EXAME - Por que o Brasil cometeu esse erro?

Cruz -
Durante muito tempo o Brasil tentou transformar a universidade em empresas inovadoras, o que é uma ilusão. Isso não era modelo em nenhum país, foi um erro de análise. Além de termos poucos cientistas no Brasil, cerca de 90 000-, 80% deles trabalham nas universidades. Todo mundo no Brasil pensa que pesquisa é assunto de universidade e isso é um erro fundamental. Os Estados Unidos têm 1 milhão de cientistas e, destes, 800 000 trabalham nas empresas. Em qualquer país - Estados Unidos, França, Canadá, Inglaterra, Austrália, Coréia do Sul, Alemanha - sempre mais de 60% dos cientistas trabalham nas empresas. Por isso eles são capazes de fazer inovações constantemente Fazer inovação tecnológica significa ter cérebros dentro das empresas para pensar nisso. Quanto mais cientistas, mais inovações.

EXAME - Como se avalia o grau de inovação de um país?

Cruz -
Tem um indicador muito comum, o número de patentes. Virou moda no Brasil comparar o número de patentes do Brasil e da Coréia. Mas aí todo mundo fala: o Brasil registra poucas patentes porque as universidades não se preocupam com isso. É um erro oceânico. Em qualquer país, 98% das patentes surgem na indústria. É ela que tem a lógica de produzir patentes e consegue isso com boas idéias. Para isso precisa de pessoas e as pessoas que têm idéias são os pesquisadores e cientistas -- não aquele estereótipo de cientista louco que fica trancado, mas gente que descobre conhecimento.

EXAME - E por que eles precisam estar empregados na empresa?

Cruz -
Porque dentro da empresa o cientista vai descobrir conhecimento que é útil, a lógica da vida dele estará organicamente ligada à da empresa, do mercado, do consumidor. Ele convive com o pessoal do departamento de marketing, de reclamações, e suas promoções estão associadas às suas contribuições.

EXAME - E como fica o papel do estado e da universidade?

Cruz -
Quando digo que o centro da inovação é a empresa, não quero dizer que não haja um papel importantíssimo da universidade e do estado. O papel do estado é criar no Brasil um ambiente que permita - quando falamos do Brasil a palavra é "permita"; quando falamos de outros países é "estimule" - à empresa se envolver em atividades importantes para inovação, se envolver em pesquisa e desenvolvimento (P&D), em design, em novas técnicas de organização. A palavra no Brasil é "permita" porque com uma taxa de juros de 18,5% por ano fica muito difícil. É mais lucrativo para a empresa por o dinheiro no banco que contratar um engenheiro. Um ambiente adequado significa estabilidade na economia, proteção da propriedade intelectual e apoio do estado - às vezes até por meio de subsídios para que as empresas possam fazer atividades exploratórias.

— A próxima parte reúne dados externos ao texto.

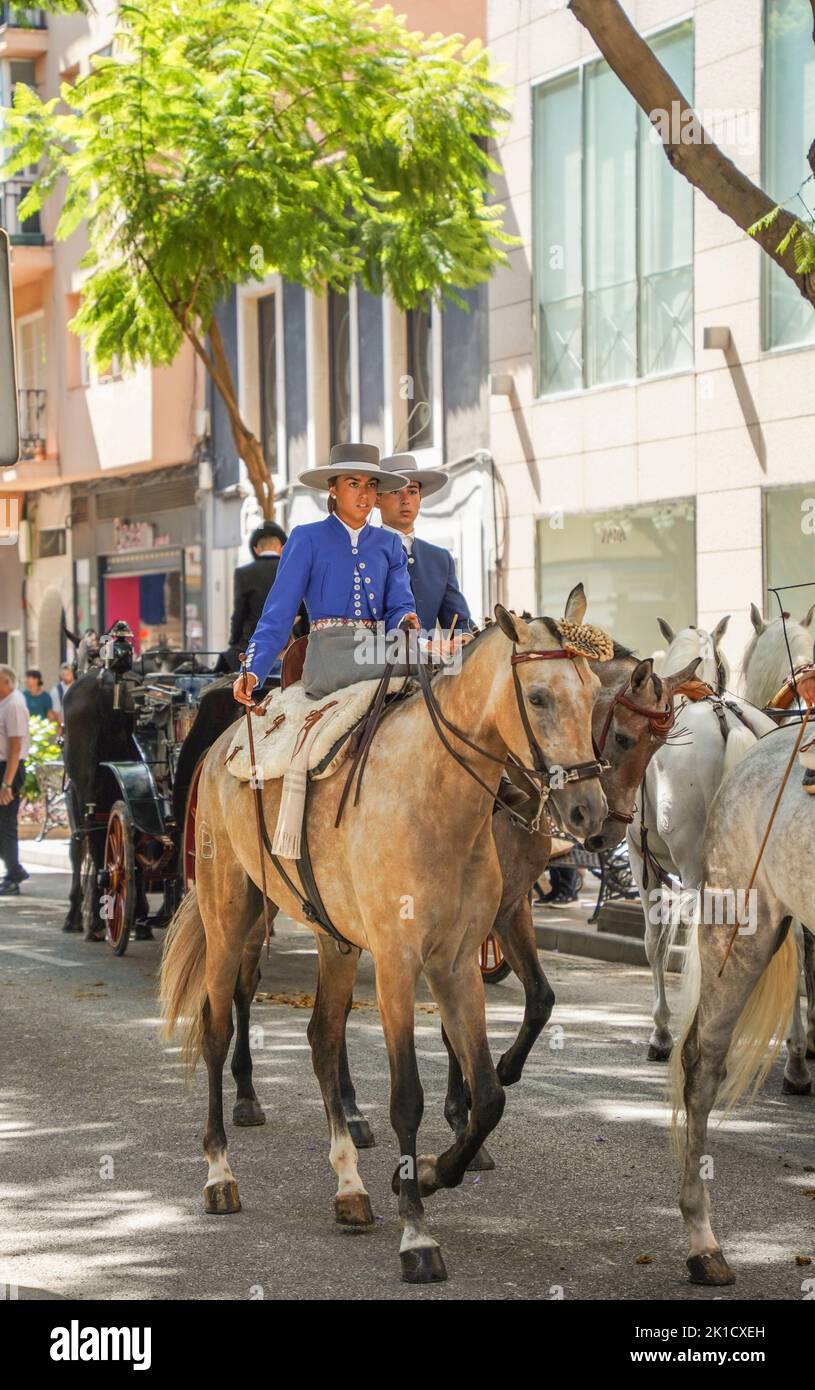 Men and women in traditional spanish costumes horseback riding during annual Horse day. Fuengirola, Andalusia, Costa del Sol, Spain. Stock Photo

EXAME - O subsídio produz resultados concretos?

Cruz -
Pesquisa, seja na empresa ou na universidade, é algo que tem um risco elevadíssimo. Você faz pesquisa quando quer descobrir alguma coisa que ninguém descobriu. Nos países desenvolvidos, é normal o estado subsidiar fortemente a atividade de P&D privada. Isso é tão importante para eles que no acordo da Organização Mundial do Comércio (OMC) há somente dois tipos de subsídio que são explicitamente permitidos. Um é o subsídio verde, para proteção do meio ambiente, e o outro é de atividades de P&D em empresa - que pode chegar até 75% do custo total, um valor elevadíssimo. Por que esses países incluem uma coisa dessas no acordo da OMC? Porque fazem isso e precisam fazer.

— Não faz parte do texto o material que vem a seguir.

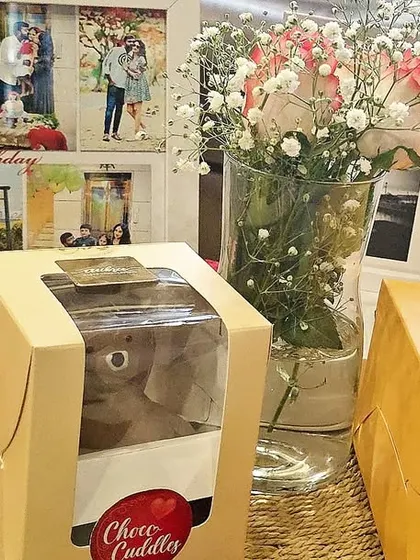 A heartfelt birthday surprise for him, featuring a custom photo collage frame, a delicious chocolate dessert, a bouquet of flowers, and a personal note.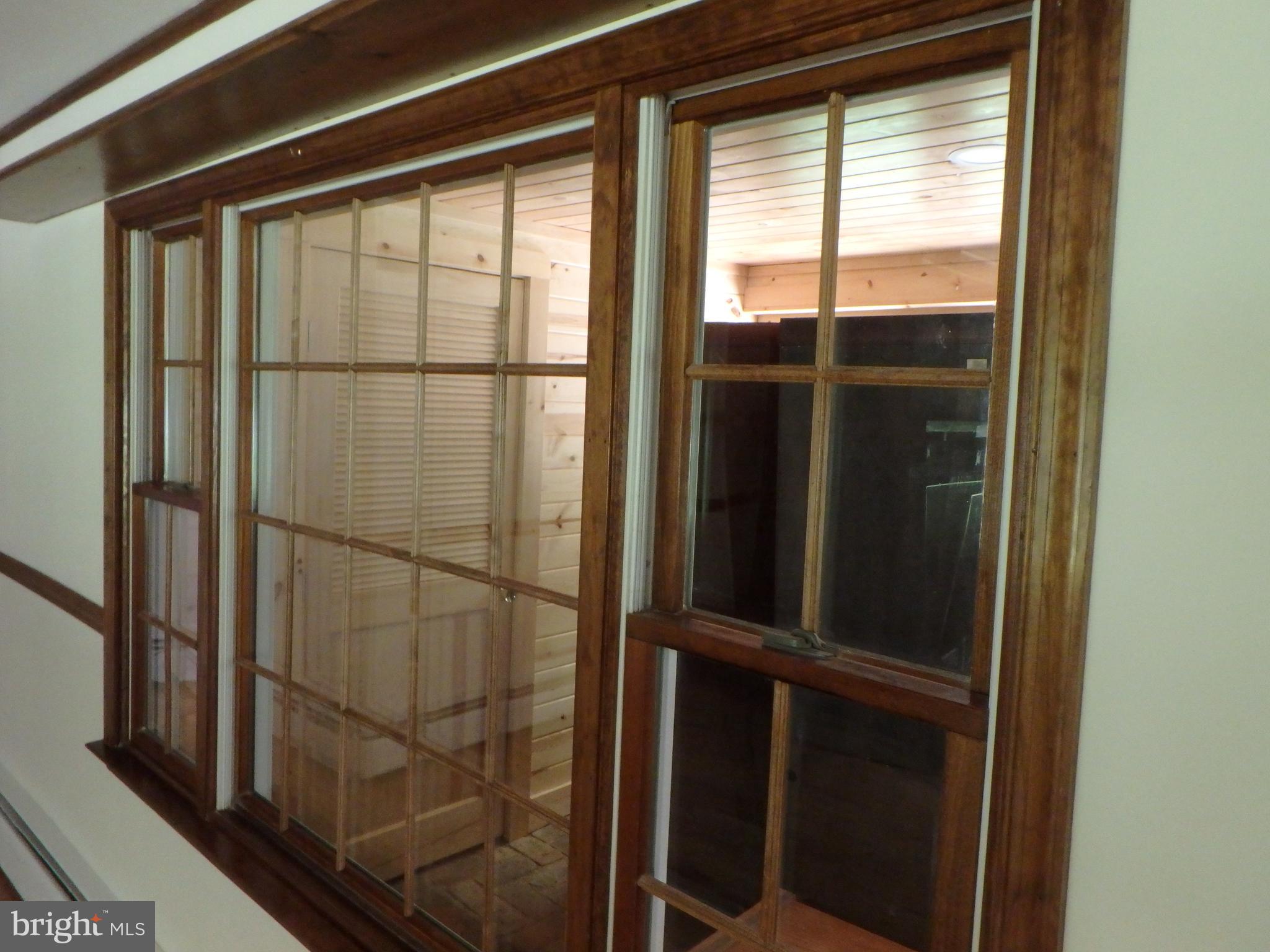 5299 Skinners Neck Road Rock Hall, MD 21661 - Photo 22 of 38 Window wall into the sunroom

EXAME - Como é isso nos Estados Unidos?

Cruz -
No caso dos Estados Unidos, o governo federal destina cerca de 35 bilhões de dólares por ano para apoiar P&D em empresas. No total, são cerca de 80 bilhões (35 bilhões para empresa, 35 para universidades e 10 para laboratórios do governo). O Brasil investe por ano 8 bilhões de dólares para serem divididos entre empresas, universidades, governos estaduais e governo federal.

EXAME - O investimento do governo na empresa acontece de que forma?

Cruz -
Via leis de incentivos fiscais. A lei de nos Estados Unidos é muito inteligente. O texto não diz que se a empresa fizer pesquisa paga menos imposto. Diz: se em um ano a empresa aumentar a pesquisa, ganha um desconto proporcional ao produzido. A lei brasileira estimula, mas poderia estimular mais se fosse mais inteligente. Por que não é mais inteligente? Porque a estrutura tributária é muito confusa.

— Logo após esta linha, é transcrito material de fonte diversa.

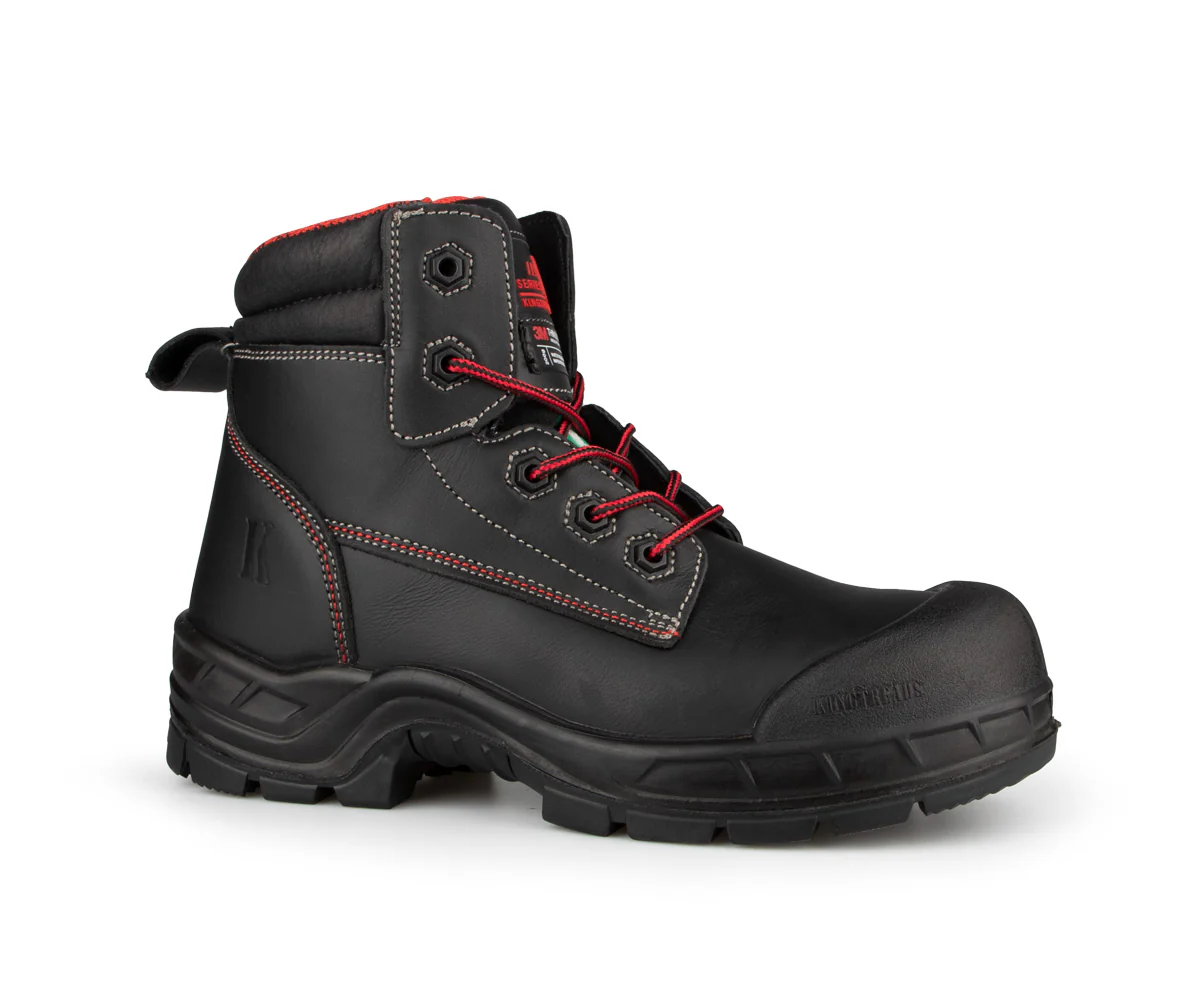 Une botte de travail en cuir noir avec coutures rouges et lacets rehaussés de rouge, dotée d'un bout renforcé, d'une semelle crantée robuste et d'un soutien de cheville rembourré. La botte est positionnée face vers la droite sur fond blanc.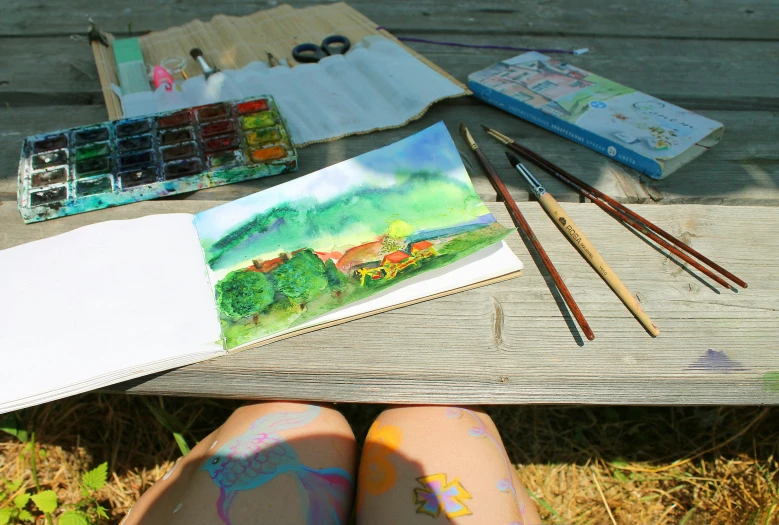 picture sitting on table with supplies including art supplies, brush, and book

EXAME - O que são as encomendas governamentais?

Cruz -
Essa é outra maneira de o governo financiar a pesquisa. Ele encomenda determinado produto e paga o custo do produto mais a P&D necessária para criá-lo. Muitas vezes são apenas uma ou duas unidades - como no caso de peças para o ônibus espacial. Mas há o subsídio à pesquisa para que as empresas aprendam coisas que vão usar em seus outros produtos, para venda normal no mercado.

EXAME - Há um livro nos Estados Unidos que critica essa política. E quando você compra o livro, ganha de brinde um parafuso que havia custado 19 mil dólares ao cofres públicos...

Cruz -
Mas por causa do parafuso de 19 000 dólares - que todo mundo fala mal - o mundo inteiro paga royalties para a Intel para ter o micro-circuito. Na verdade, não é preciso subsidiar coisas bestas, mas essa atividade é justificável. O subsídio será ou não bem usado dependendo de quão bem feita é a lei e quão bem sucedida é sua fiscalização.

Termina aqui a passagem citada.